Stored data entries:
*****

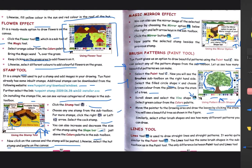So children, this is all about these effects: Flower Effect for making flowers, Stamp Tool for adding stamps or stickers or images, Mirror Effect for getting a mirror image of any stamp or image, and Brush Patterns for changing the texture of your paint using different brush patterns. I hope you all understood what these effects are used for and how to use them in Tux Paint to make your drawing more attractive and beautiful. Thank you and have a nice day!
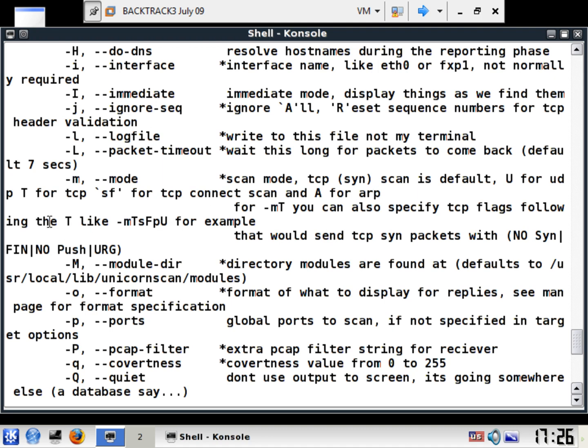You notice here that it's for MT, you can also specify TCP flags following it like SF for the connect scan, and U for UDP for example. So it's very good here.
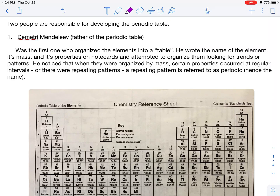All right, you crazy kids, here is your lecture on the Periodic Table. There are two important people that I want you guys to know about. The first one is Dmitry Ivanovich Mendeleev. He's the father of the Periodic Table.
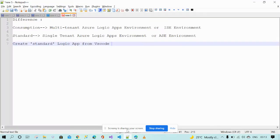Today I'm going to discuss how to create standard logic apps. In my previous videos I created a lot of applications with the consumption plan logic apps. Now I'm going to create the standard logic apps.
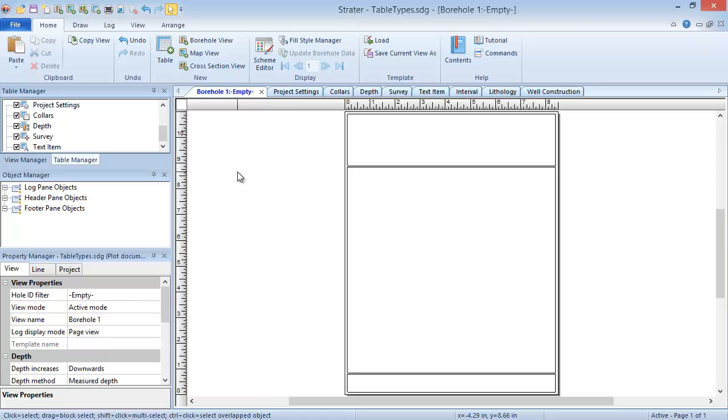There are eight table types in Stratter that fall into four categories: project information, well information, depth data, and interval data.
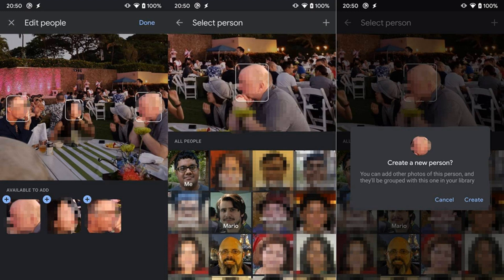Google says it doesn't share recognized faces between accounts, however it's safe to assume that they use this data to train their algorithms. If you turn face grouping off, the company deletes the facial models, possibly to avoid potential class action lawsuits from privacy-conscious consumers.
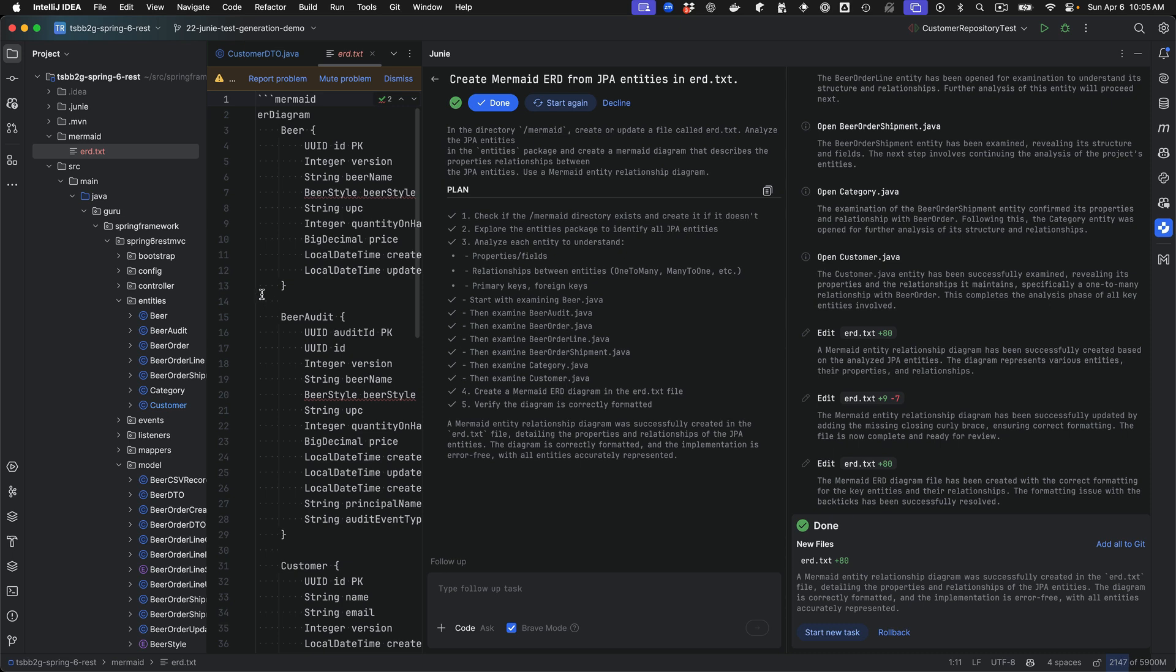And now this is something that I can easily use for a GitHub page or in Confluence or whatever. There's a lot of platforms that support Mermaid diagrams. So you can use this all over the place. It's a very handy little technique. It's a quick tip on how we can utilize Junie to help us generate documentation for our code.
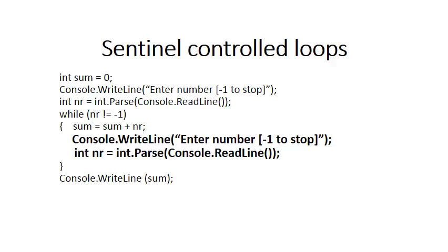Once again we apply the rule for while loops that the variable that is the loop variable must be changed at the end of the loop. So after we've calculated sum, we ask the user to enter the next number. And again we remind the user that minus one will indicate that the user wants to stop.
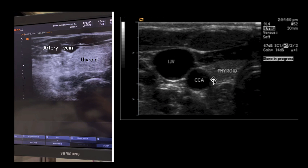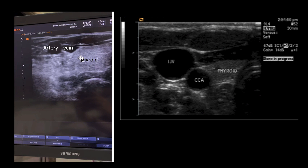So in a normal patient, you would see the thyroid, and then the artery close to the thyroid, and then the vein. But in our patient, you see the thyroid first, and then the vein is close to the thyroid here, and then the artery is lateral.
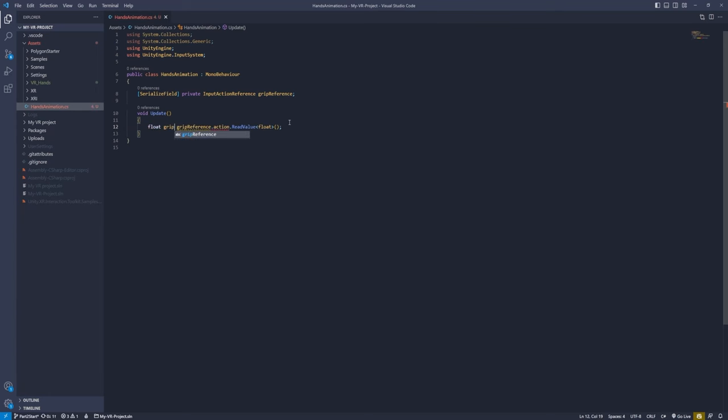Now let's add movement. Click the XR Origin and add a Locomotion System component, then drag the XR Origin to its XR Origin field. Add a Continuous Move Provider (action-based), drag the Locomotion System to its System field. For the input action, I'll use the left hand joystick — reference 'XRI Left Hand Locomotion / Move' action. Leave the right hand move action blank.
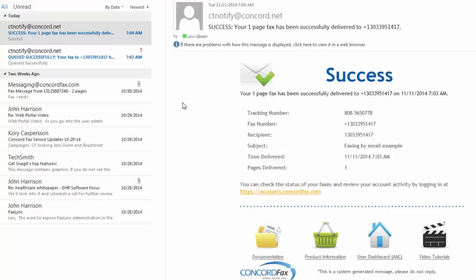As you've seen, it really couldn't be easier to send faxes using the Concord cloud network. Thanks for watching this short video tutorial, and please be sure to check back to concordfax.com forward slash video to see additional video tutorials.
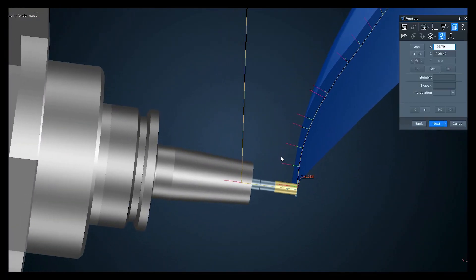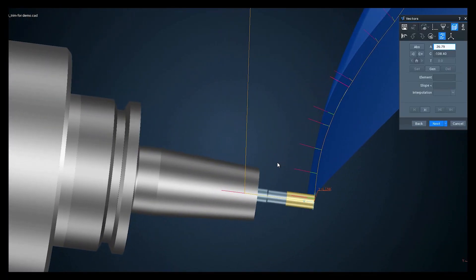Ensuring safety whilst still getting an efficient and accurate toolpath. Is this where the toolpath correction comes from? Well, toolpath correction is slightly different — we have the facility to import an extra piece of geometry and just add that into the toolpath, so we don't need to modify any of the CAD data.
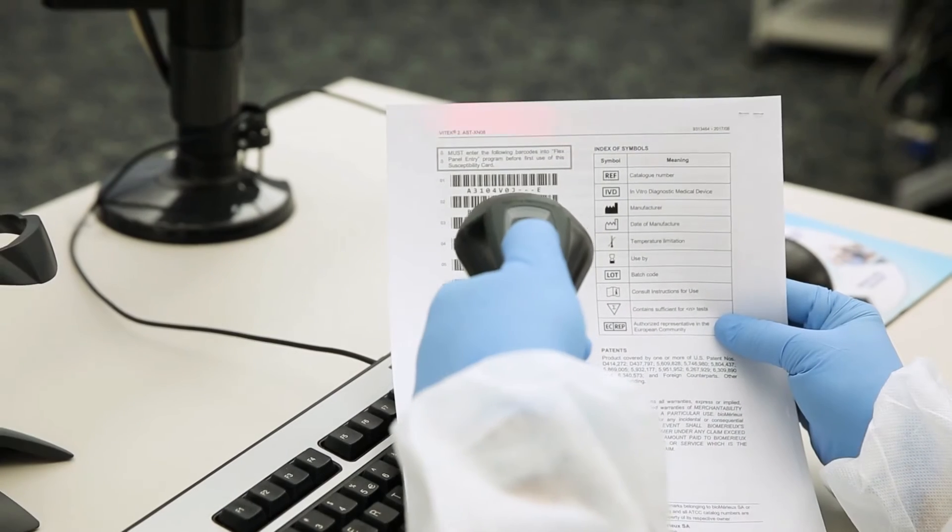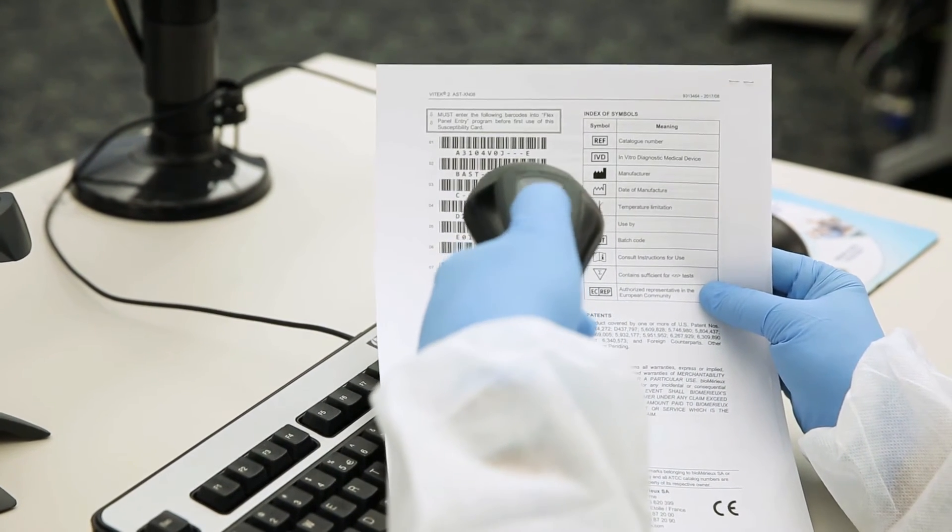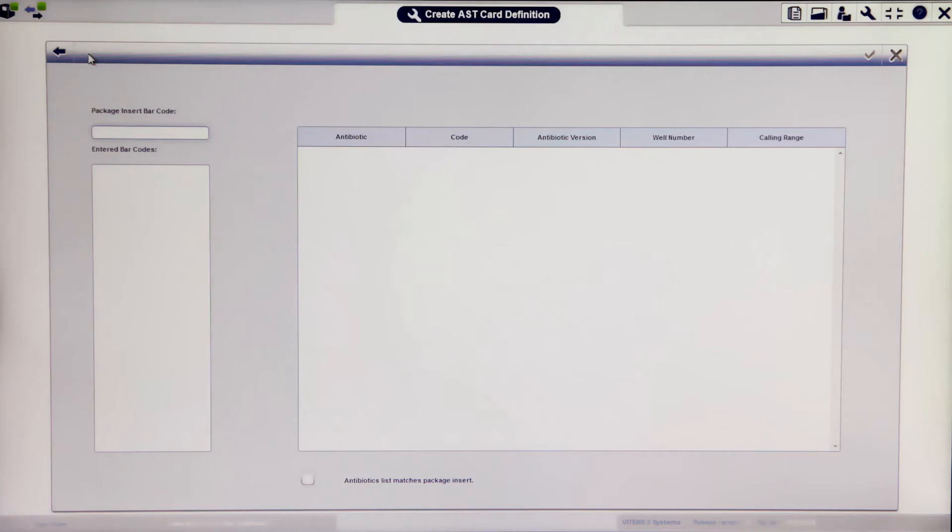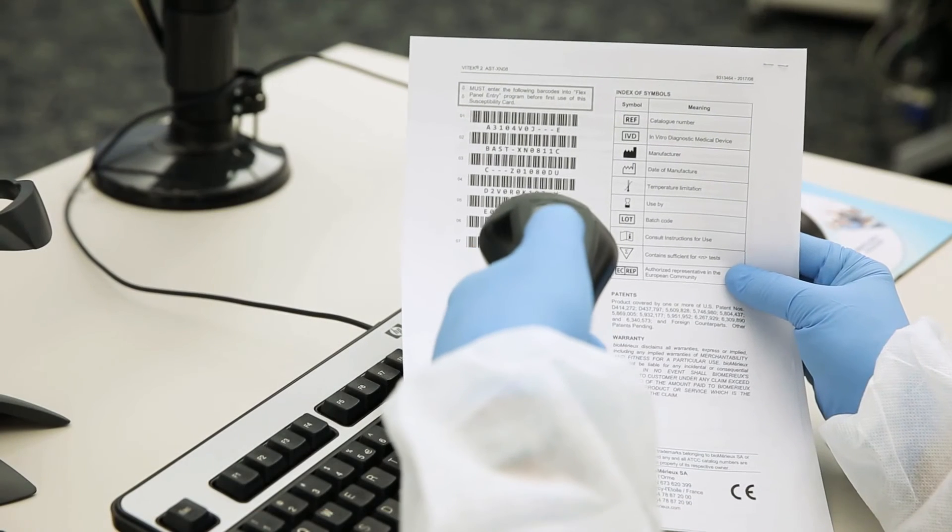Scan all of the barcodes on the new cards package insert. As each barcode is scanned, drug information will be added to the screen.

*****

Reproduce the entries above exactly. Do not include the images.

So children, this is all about these effects: Flower Effect for making flowers, Stamp Tool for adding stamps or stickers or images, Mirror Effect for getting a mirror image of any stamp or image, and Brush Patterns for changing the texture of your paint using different brush patterns. I hope you all understood what these effects are used for and how to use them in Tux Paint to make your drawing more attractive and beautiful. Thank you and have a nice day!
You notice here that it's for MT, you can also specify TCP flags following it like SF for the connect scan, and U for UDP for example. So it's very good here.
All right, you crazy kids, here is your lecture on the Periodic Table. There are two important people that I want you guys to know about. The first one is Dmitry Ivanovich Mendeleev. He's the father of the Periodic Table.
Today I'm going to discuss how to create standard logic apps. In my previous videos I created a lot of applications with the consumption plan logic apps. Now I'm going to create the standard logic apps.
There are eight table types in Stratter that fall into four categories: project information, well information, depth data, and interval data.
Google says it doesn't share recognized faces between accounts, however it's safe to assume that they use this data to train their algorithms. If you turn face grouping off, the company deletes the facial models, possibly to avoid potential class action lawsuits from privacy-conscious consumers.
And now this is something that I can easily use for a GitHub page or in Confluence or whatever. There's a lot of platforms that support Mermaid diagrams. So you can use this all over the place. It's a very handy little technique. It's a quick tip on how we can utilize Junie to help us generate documentation for our code.
Once again we apply the rule for while loops that the variable that is the loop variable must be changed at the end of the loop. So after we've calculated sum, we ask the user to enter the next number. And again we remind the user that minus one will indicate that the user wants to stop.
So in a normal patient, you would see the thyroid, and then the artery close to the thyroid, and then the vein. But in our patient, you see the thyroid first, and then the vein is close to the thyroid here, and then the artery is lateral.
Now let's add movement. Click the XR Origin and add a Locomotion System component, then drag the XR Origin to its XR Origin field. Add a Continuous Move Provider (action-based), drag the Locomotion System to its System field. For the input action, I'll use the left hand joystick — reference 'XRI Left Hand Locomotion / Move' action. Leave the right hand move action blank.
As you've seen, it really couldn't be easier to send faxes using the Concord cloud network. Thanks for watching this short video tutorial, and please be sure to check back to concordfax.com forward slash video to see additional video tutorials.
Ensuring safety whilst still getting an efficient and accurate toolpath. Is this where the toolpath correction comes from? Well, toolpath correction is slightly different — we have the facility to import an extra piece of geometry and just add that into the toolpath, so we don't need to modify any of the CAD data.
Scan all of the barcodes on the new cards package insert. As each barcode is scanned, drug information will be added to the screen.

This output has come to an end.